Here, we have an example of bi-vocational ministry. In other places, Paul asserts that ministers of God’s word should be taken care of by the church, such that they shouldn’t have to work. But there were some cases where Paul worked in order to not cause anyone to stumble. Paul worked at least Monday through Friday and then labored on Saturday in the synagogue and then probably worshiped with the believers on Sunday.
Verses 5-6 continue, “When Silas and Timothy arrived from Macedonia, Paul was occupied with the word, testifying to the Jews that the Christ was Jesus. And when they opposed and reviled him, he shook out his garments and said to them, ‘Your blood be on your own heads! I am innocent. From now on I will go to the Gentiles.’” There’s no need to think that Paul flew off the handle here. He was just stating the truth. He proclaimed the good news of Jesus Christ, and if they chose to oppose him and revile him, that’s their own downfall.
Verse 7-8: “And he left there and went to the house of a man named Titius Justus, a worshiper of God. His house was next door to the synagogue. Crispus, the ruler of the synagogue, believed in the Lord, together with his entire household.” This is another of the moments in the book of Acts that just wants to make us say, “AMEN!” This must’ve grieved many of the unbelieving Jews, to see the ruler of the synagogue turn to Jesus.
By the way, this household language helps us to understand Lydia’s household baptism earlier. It says here that Crispus’ entire household believed in the Lord. Either there were no babies in the household, or Luke excludes babies from the phrase “household”.

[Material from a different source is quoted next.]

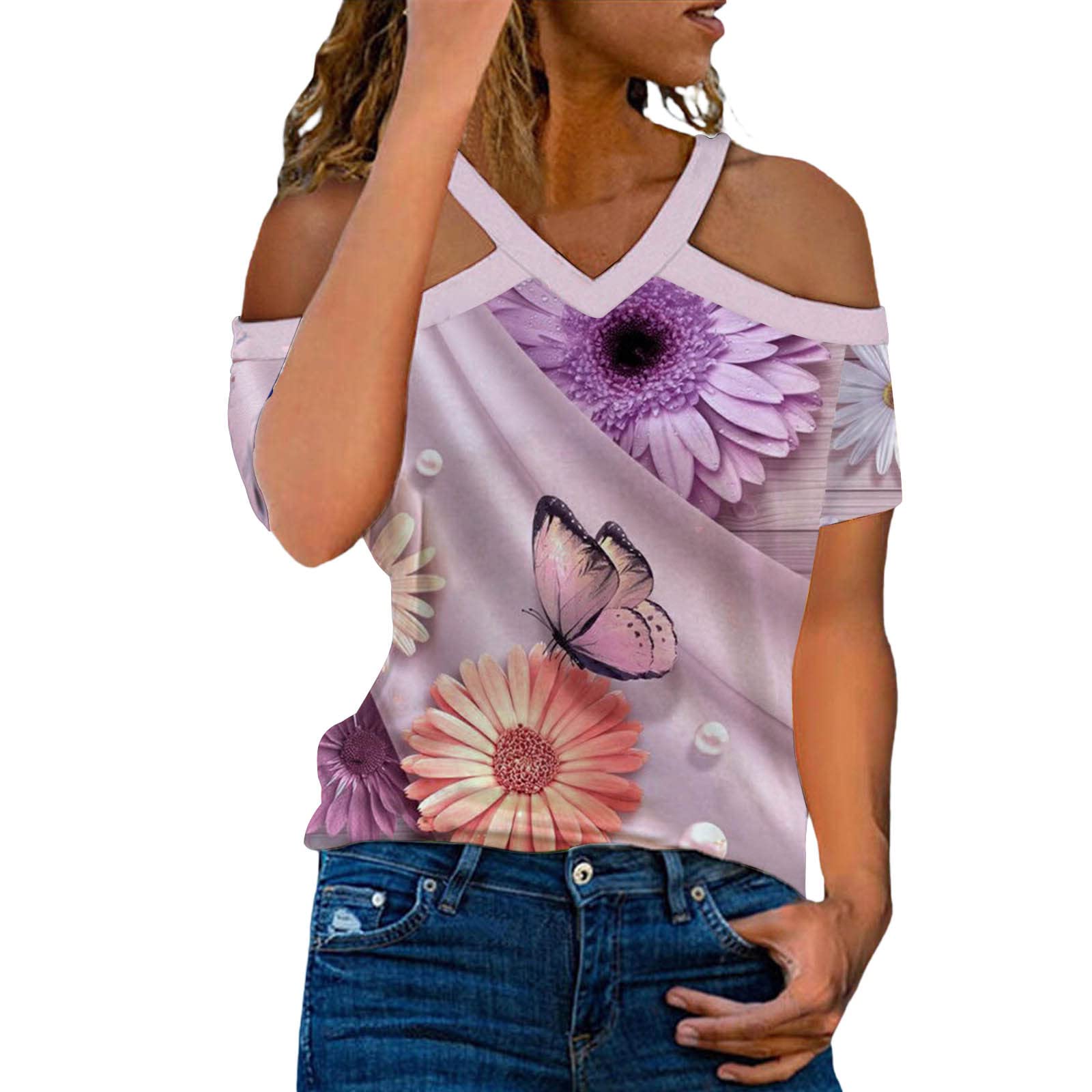 Women's V-Neck Printed Short Sleeve T-Shirt - Fashion Digital Print Athletic Top for Running, Yoga & Casual Wear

Luke goes on in verses 8-10, “And many of the Corinthians hearing Paul believed and were baptized [AMEN AGAIN!]. And the Lord said to Paul one night in a vision, ‘Do not be afraid, but go on speaking and do not be silent, for I am with you, and no one will attack you to harm you, for I have many in this city who are my people.”
How amazing is the sovereignty of God! Now, Paul was accustomed to being attacked and harmed. But God guaranteed that here in Corinth, He would protect him so that he wouldn’t be driven out. Why? Because He had many people there, other sheep that the Shepherd was calling to Himself.
This is a controversial verse, but I’d rather we just see it as a beautiful verse. Why is this verse so beautiful? It shows us that God always gets His man. He is never bound by anything. Whomever He pleases to save, He does it. And He works everything out in such a way that His success rate is 100%, while still preserving our will and responsibility. How great is our God!